Readings: Sirach 15:15-20; Psalm 19, R. Blessed are they who follow the law of the Lord!; 1 Cor 2:6-10; Gospel—Matthew 5:17-37

“So be perfect, just as your heavenly Father is perfect.” (Matthew 5:48) This line, which ends next Sunday’s Gospel, gives us the overarching theme of this and next Sunday’s Gospels.

In Leviticus (19: 2) God tells his people, “You shall be holy; for I Yahweh your God am holy” (Leviticus 19:2).

I invite you to reflect on God’s call to holiness. Three elements of holiness: First, “I tell you, unless your righteousness surpasses that of the scribes and Pharisees, you will not enter the kingdom of heaven.” (cf. today’s Gospel, Matthew 5: 17-37)

Second, Christian holiness comes from the fulfillment of the law, the basic covenant between God and his people, with us; the law as fulfilled by Jesus.
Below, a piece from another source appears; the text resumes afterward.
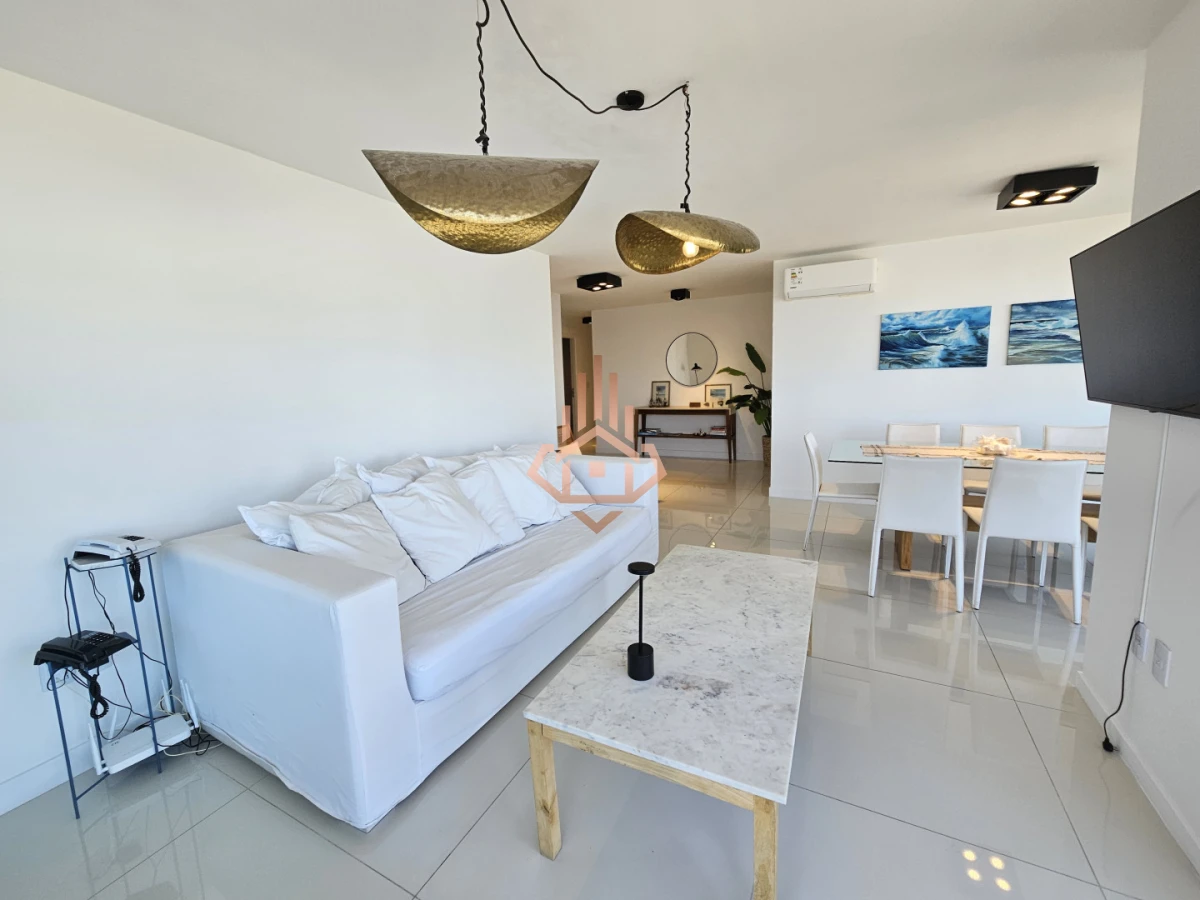 Se Vende Hermoso Departamento Piso 9 con 3 Dormitorios en Suite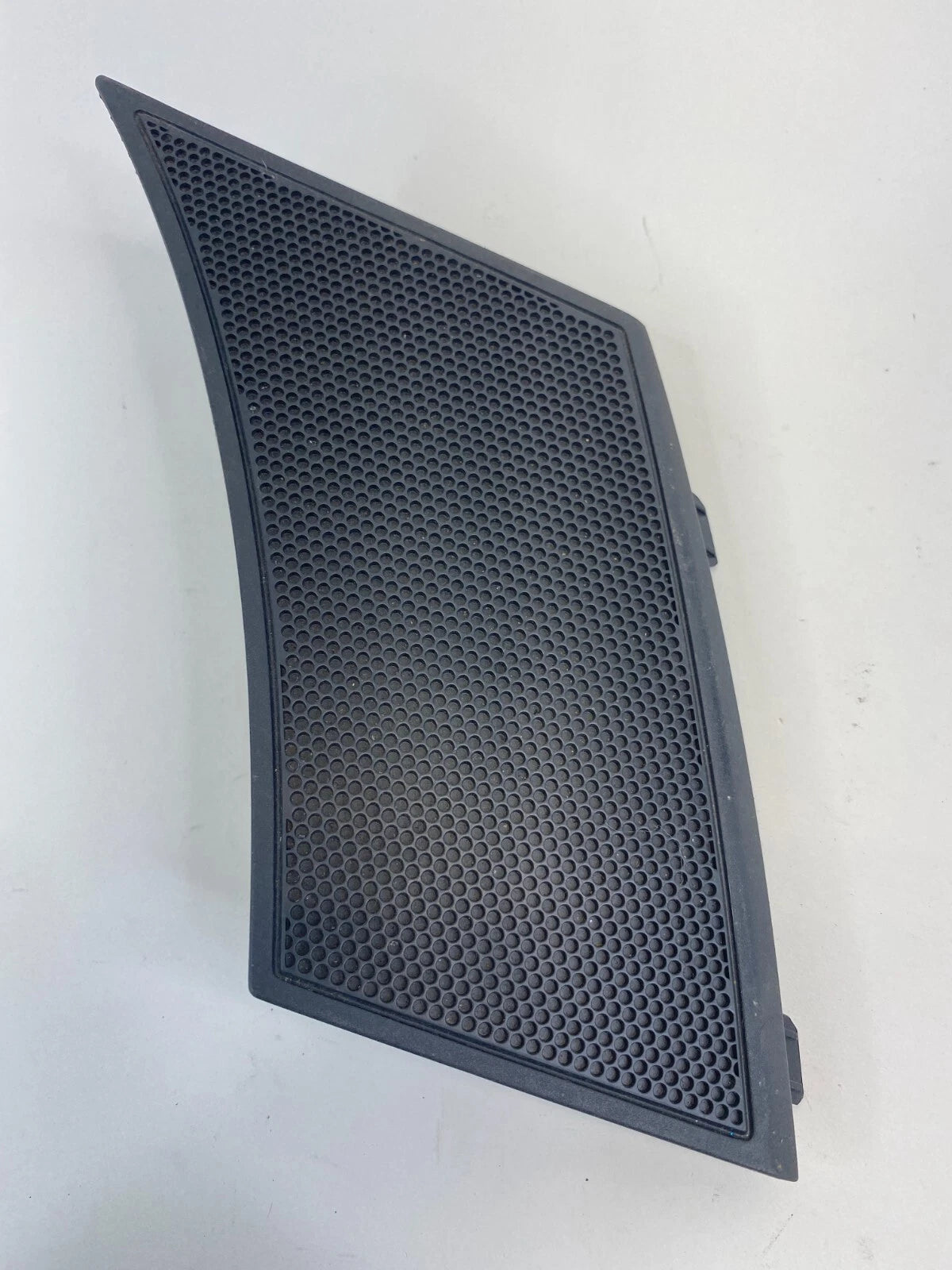 2011-2013 NISSAN ROGUE DASH LEFT DRIVER SIDE SPEAKER GRILL COVER 28177-JM00A OEM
Third, holiness is lived in the day to day, and in very concrete circumstances of our life.

More pastoral

The critique of the Lord of the religious authorities of his time we liken to Pope Francis’ early statement when he assumed the papacy in 2013, i.e., we should be more pastoral and less dogmatic.

Just as Pope Francis did not throw dogma out but created—still creating—a balance between dogma and pastoral care, so it was with the Lord, “ … unless your righteousness surpasses that of the scribes and Pharisees.”

I would like to consider that there is an implicit recognition of some righteousness, but in need of “surpassing.” This is one of the key elements of “holy, sinful church,” always in need of reform and conversion.

Holiness, thus, includes our acknowledgment of our need for continuing conversion, the humility to accept our shortcomings and the need for God’s grace.

Second, holiness comes from the fulfillment of the law. We must establish here that the two great traditions of the People of God were the law and the prophets, represented by Moses and Elijah, respectively in the Transfiguration.

The Transfiguration was an affirmation of Jesus’ continuity of these two great traditions. Not just continuity, but fulfillment.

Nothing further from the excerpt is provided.